(RECORDS SHOWN)

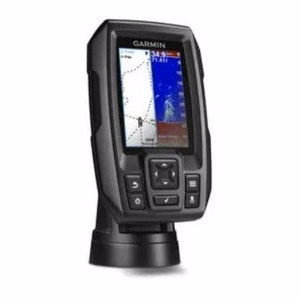 Garmin STRIKER 4 fish finder 8.89 cm (3.5") 200 W 6 m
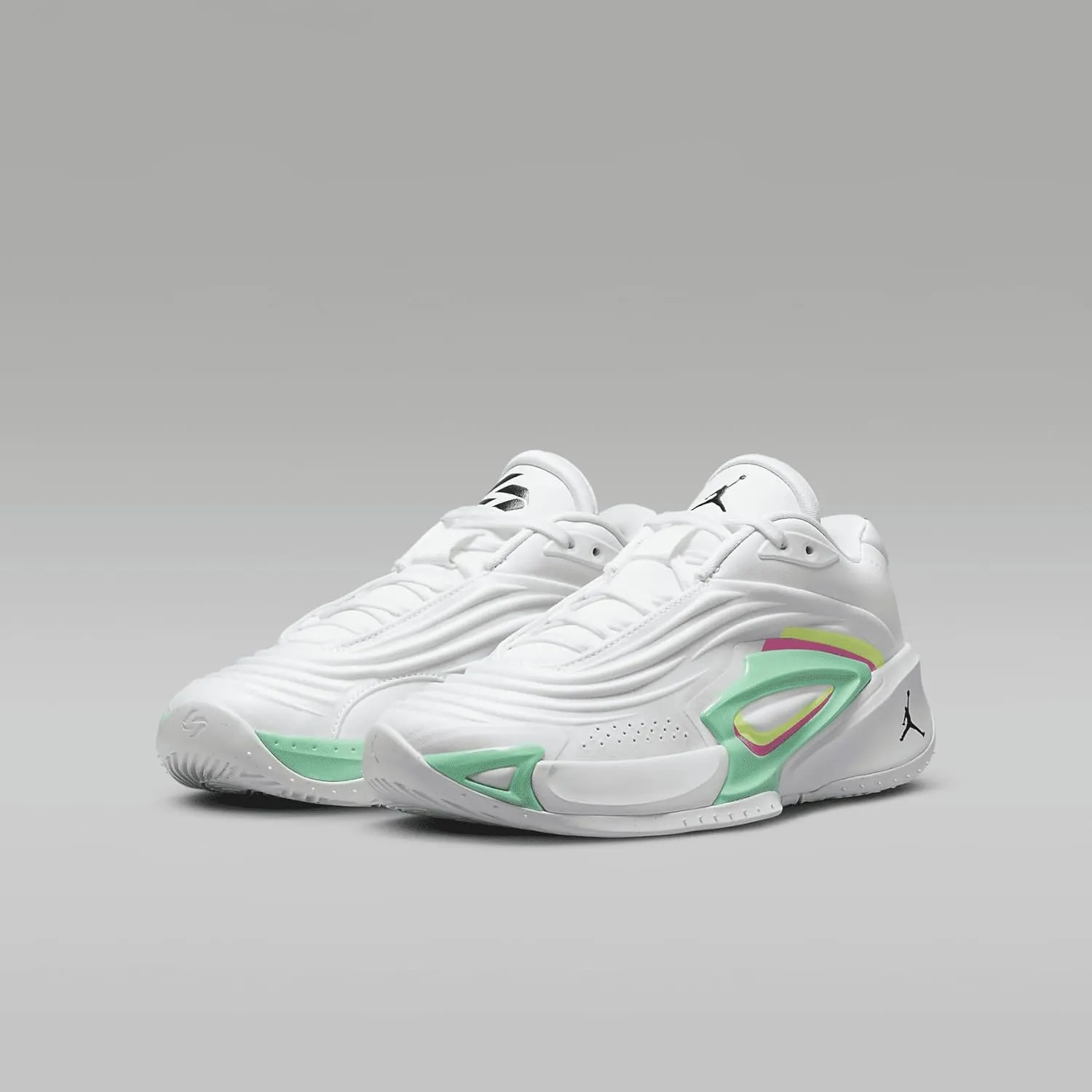 Nike Jordan Luka 3 BG GS Boys Shoes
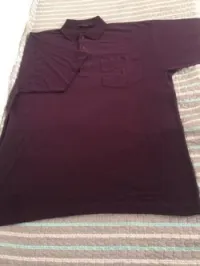 Hauts et T shirt homme, grande taille.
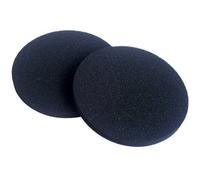 Filtre Charbon Mousse Rond ( X2 ) Dia 20 pour HOTTE - 76X4190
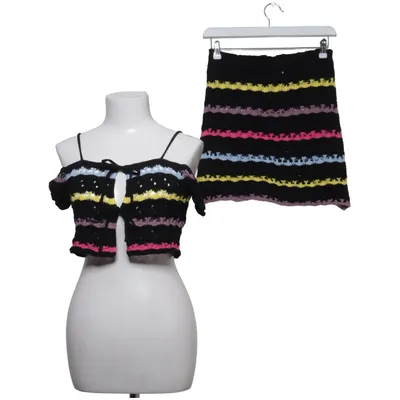 Ensemble (Noir, Multicolore) de AsYou Acrylique, Coton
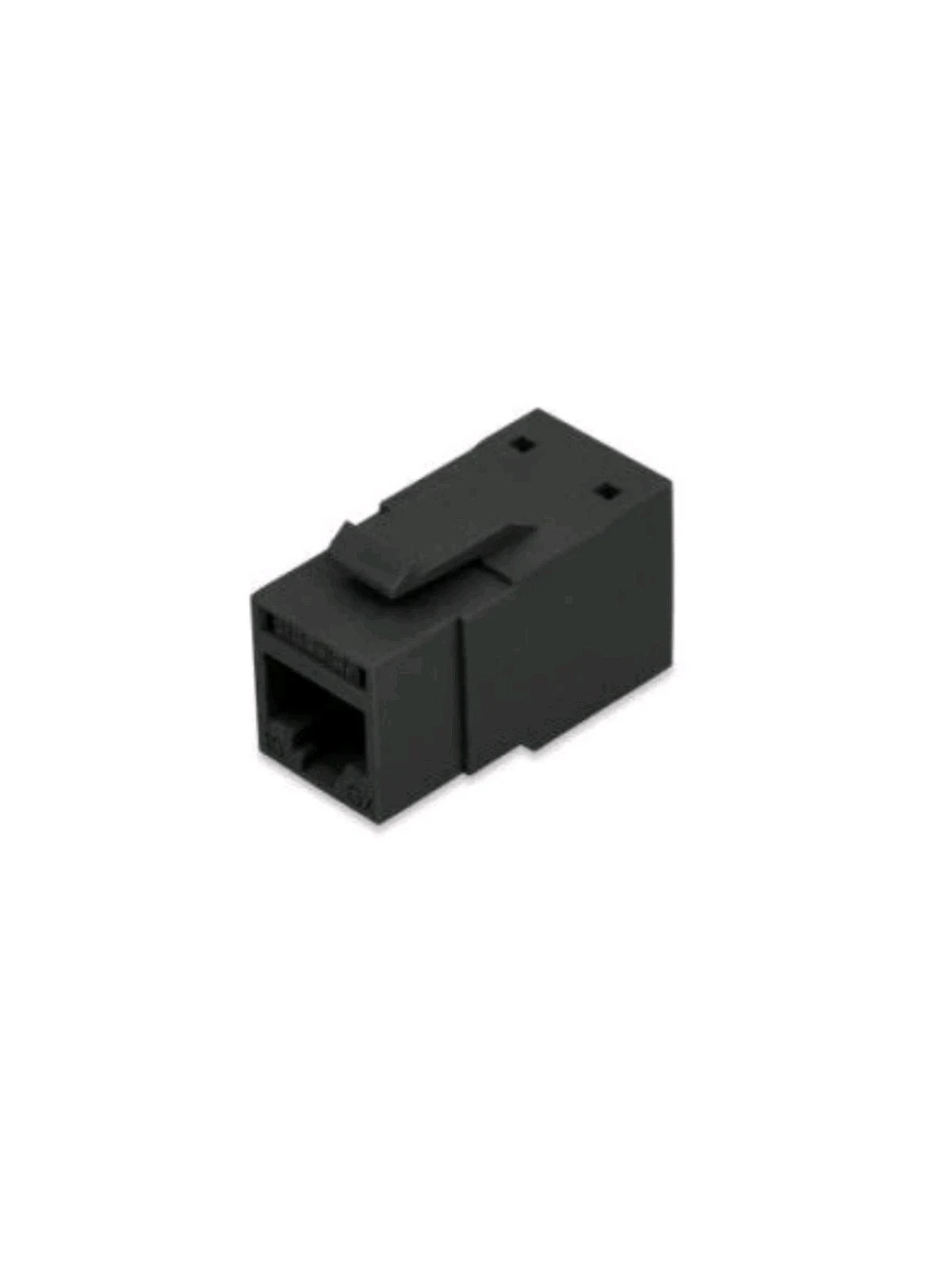 (Box of 50) Belden REVconnect RVAMJKUBK-S1 10GX STP MODULAR JACK BLACK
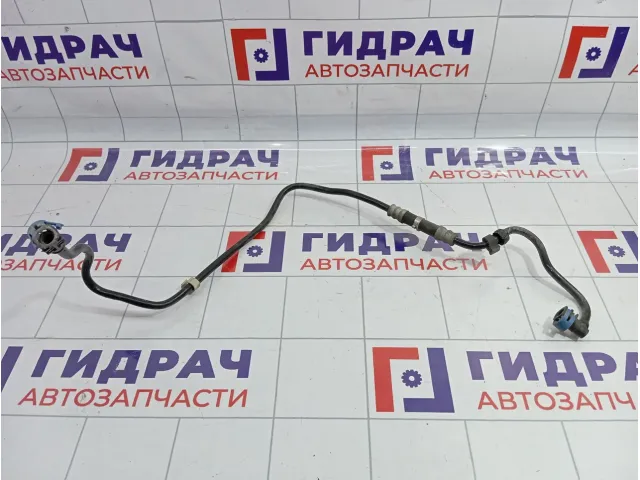 Трубка топливная Opel Insignia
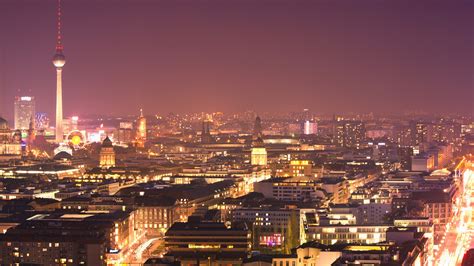 How to Enjoy Berlin's Nightlife Like a Local | Condé Nast Traveler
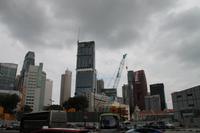 Singapur - Stadtrundfahrt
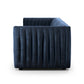 Augustine Sofa - Sapphire Navy
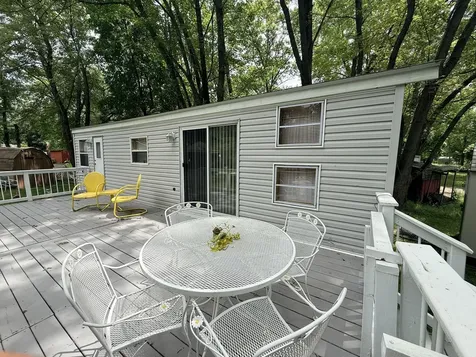 11-236 Woodhaven Lakes Sublette IL 61367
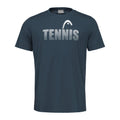 Colin T-shirt Heren - donkerblauw,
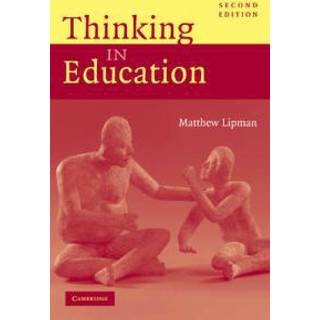 Thinking in Education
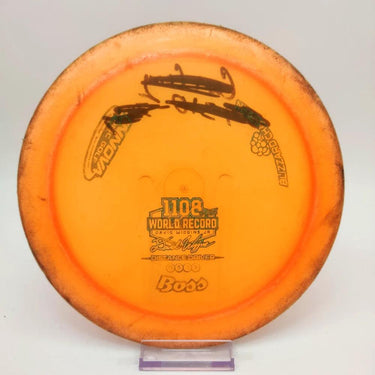 Used Discs - Batch 2 - Disc Golf Deals USA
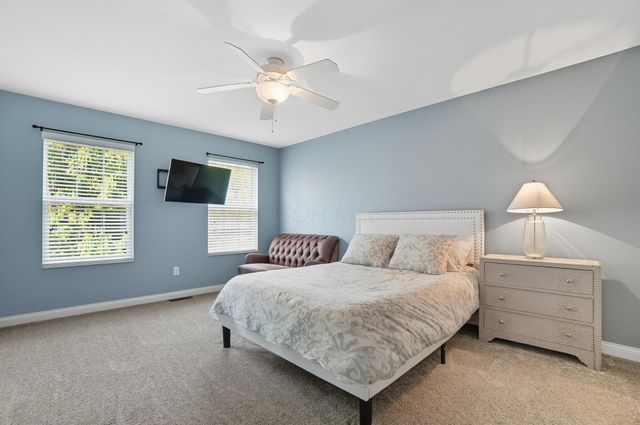 5017 Calais Drive, Columbus, OH 43221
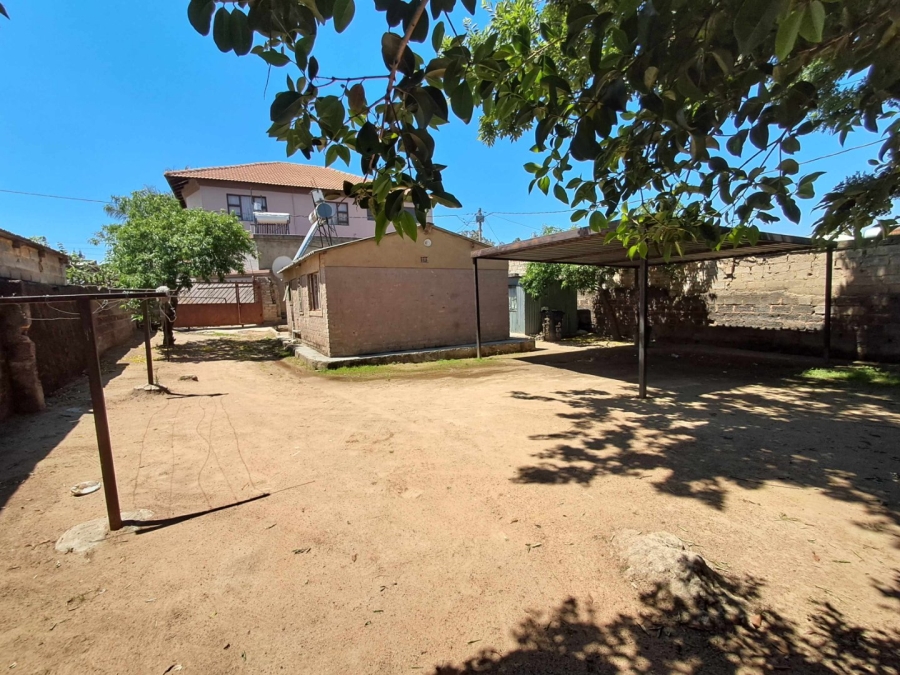 2 Bedroom Property for Sale in Kaalfontein Gauteng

(End RECORDS SHOWN)

ABOUT THIS EXERCISE: Skip the pictures and retype exactly the lines from the one that contains "Used Discs - Batch 2 - Disc Golf Deals USA" to the last line of the records.

TASK ANSWER:
 Used Discs - Batch 2 - Disc Golf Deals USA
 5017 Calais Drive, Columbus, OH 43221
 2 Bedroom Property for Sale in Kaalfontein Gauteng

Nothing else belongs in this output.